So, if you wish, you may charge her ultimate surrender to her double weakness exploited by Africa; if you prefer, to her single strength betrayed by Archie's silence, that loyalty to her bond long and savagely honoured.

As an English writer you may be trusted not to impute her fall to mere weakness of the flesh. You would never admit that a woman of your nation and class would take a lover from so disinterested a motive. Adultery on grounds of spite, altruism, jealousy, poverty, revenge, avarice, or even absence of mind is admissible. From passion, unthinkable.

Well, the decisive Wednesday came without sign or rumour of Archie.

On Saturday night Dick's lantern a second time came swinging across the river."

That Tanganyika was destined to be alike villain and setting of the drama which followed, first sight of the lake gave Norah no warning.

The lovers had waited on the farm for Dick's supplies to come till Norah would stay no longer. Leaving a letter for Archie, and replenishing Dick's stores from the reserves on the farm, that the Congo expedition had already diminished, they started on the three weeks' ulendo through the bush, Dick on a bicycle, Norah in her machila.1[1]

[1] A hammock slung on one pole or two and carried between two or four natives, relieved at intervals.

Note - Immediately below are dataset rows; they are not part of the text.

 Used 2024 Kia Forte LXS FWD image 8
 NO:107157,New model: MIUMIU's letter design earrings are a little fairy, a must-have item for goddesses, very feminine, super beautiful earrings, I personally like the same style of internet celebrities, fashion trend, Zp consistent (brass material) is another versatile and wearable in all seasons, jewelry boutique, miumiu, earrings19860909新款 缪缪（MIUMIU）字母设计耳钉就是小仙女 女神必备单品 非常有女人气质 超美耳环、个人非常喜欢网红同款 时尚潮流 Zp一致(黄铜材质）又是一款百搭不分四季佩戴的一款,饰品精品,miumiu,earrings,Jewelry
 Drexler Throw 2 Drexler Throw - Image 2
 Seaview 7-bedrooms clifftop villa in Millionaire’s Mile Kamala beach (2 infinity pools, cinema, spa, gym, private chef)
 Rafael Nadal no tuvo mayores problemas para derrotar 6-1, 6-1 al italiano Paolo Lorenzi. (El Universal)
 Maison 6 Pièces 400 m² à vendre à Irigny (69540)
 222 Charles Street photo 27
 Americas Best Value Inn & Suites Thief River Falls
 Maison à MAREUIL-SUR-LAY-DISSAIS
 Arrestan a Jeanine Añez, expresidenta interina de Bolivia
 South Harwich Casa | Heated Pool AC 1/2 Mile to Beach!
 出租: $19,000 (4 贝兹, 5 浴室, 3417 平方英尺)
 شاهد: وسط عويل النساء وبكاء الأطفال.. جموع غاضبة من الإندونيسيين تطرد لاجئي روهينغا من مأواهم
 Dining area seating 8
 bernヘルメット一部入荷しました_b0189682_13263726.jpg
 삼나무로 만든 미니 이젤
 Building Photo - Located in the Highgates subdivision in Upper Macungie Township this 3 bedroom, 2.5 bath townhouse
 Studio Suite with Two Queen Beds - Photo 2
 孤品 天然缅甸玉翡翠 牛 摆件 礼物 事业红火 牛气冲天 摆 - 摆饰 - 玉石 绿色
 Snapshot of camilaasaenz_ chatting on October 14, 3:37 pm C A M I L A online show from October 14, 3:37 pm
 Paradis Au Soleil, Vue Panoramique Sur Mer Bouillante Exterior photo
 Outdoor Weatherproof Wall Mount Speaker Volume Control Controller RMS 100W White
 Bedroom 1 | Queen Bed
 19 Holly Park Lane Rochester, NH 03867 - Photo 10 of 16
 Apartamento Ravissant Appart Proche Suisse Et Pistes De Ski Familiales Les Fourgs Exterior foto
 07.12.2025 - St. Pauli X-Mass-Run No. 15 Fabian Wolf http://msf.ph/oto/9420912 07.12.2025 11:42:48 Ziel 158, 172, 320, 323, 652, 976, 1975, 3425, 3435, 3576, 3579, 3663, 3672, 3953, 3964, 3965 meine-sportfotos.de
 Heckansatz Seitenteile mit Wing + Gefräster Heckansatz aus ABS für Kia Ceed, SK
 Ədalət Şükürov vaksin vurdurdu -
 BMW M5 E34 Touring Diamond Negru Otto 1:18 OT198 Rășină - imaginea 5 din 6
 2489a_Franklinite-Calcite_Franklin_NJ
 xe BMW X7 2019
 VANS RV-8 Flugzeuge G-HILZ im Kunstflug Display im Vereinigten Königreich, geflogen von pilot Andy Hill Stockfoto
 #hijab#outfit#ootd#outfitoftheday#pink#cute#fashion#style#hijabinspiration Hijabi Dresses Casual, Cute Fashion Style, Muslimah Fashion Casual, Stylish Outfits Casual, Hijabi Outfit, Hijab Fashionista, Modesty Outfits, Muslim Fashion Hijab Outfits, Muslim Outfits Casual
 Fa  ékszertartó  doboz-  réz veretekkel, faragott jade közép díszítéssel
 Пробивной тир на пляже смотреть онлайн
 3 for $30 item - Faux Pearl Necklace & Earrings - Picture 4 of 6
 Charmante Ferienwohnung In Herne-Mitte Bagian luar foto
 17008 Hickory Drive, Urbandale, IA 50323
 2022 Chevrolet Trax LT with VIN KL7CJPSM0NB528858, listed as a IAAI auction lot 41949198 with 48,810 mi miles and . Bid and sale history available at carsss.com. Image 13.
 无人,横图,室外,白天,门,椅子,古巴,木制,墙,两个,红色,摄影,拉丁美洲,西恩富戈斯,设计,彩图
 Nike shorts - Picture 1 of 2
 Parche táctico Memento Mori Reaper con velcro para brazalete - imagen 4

Lying uncomfortably on her back, she saw little of the country she was carried through. Her landscape was limited by ranks of trees on either side. Overhead she could stare at the African sky already banked with rain-clouds. Or she could lie on her side and watch the sandy path for hurrying streams of pre-occupied ants or for occasional spoor, the only manifestation of the shy life of the forest. Sometimes her eye would be caught by a bundle of scarlet flowered mistletoe, the alpine outline of a great ant heap, a tree curiously deformed, or the melancholy traces of an almost obliterated garden; till oppressed by the nearness and insignificance of these sights, she would shut her eyes and imagine the evening with Dick, when the camp fire would gild from below the interlacing boughs.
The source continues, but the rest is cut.